● **Prompt**
Whenever "Yellow" occurs in a line of the material, list that line.
++++ Input material
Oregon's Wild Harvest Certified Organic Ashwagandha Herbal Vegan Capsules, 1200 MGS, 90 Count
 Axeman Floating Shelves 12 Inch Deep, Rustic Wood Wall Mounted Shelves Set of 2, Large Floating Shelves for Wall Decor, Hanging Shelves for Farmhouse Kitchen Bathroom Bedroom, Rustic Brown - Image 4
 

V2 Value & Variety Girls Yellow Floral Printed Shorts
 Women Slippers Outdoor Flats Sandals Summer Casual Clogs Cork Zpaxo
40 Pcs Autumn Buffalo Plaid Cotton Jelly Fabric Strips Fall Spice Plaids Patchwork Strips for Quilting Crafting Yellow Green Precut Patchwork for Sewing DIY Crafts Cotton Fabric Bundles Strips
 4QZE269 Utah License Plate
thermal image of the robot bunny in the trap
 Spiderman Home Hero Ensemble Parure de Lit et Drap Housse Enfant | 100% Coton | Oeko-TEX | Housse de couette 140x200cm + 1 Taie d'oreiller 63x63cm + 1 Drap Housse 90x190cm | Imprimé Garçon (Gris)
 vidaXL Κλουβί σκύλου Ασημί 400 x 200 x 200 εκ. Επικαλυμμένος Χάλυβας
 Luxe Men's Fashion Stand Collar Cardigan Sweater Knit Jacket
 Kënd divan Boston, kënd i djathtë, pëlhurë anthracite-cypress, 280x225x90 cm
++++++++
● **Answer to the problem**
V2 Value & Variety Girls Yellow Floral Printed Shorts
40 Pcs Autumn Buffalo Plaid Cotton Jelly Fabric Strips Fall Spice Plaids Patchwork Strips for Quilting Crafting Yellow Green Precut Patchwork for Sewing DIY Crafts Cotton Fabric Bundles Strips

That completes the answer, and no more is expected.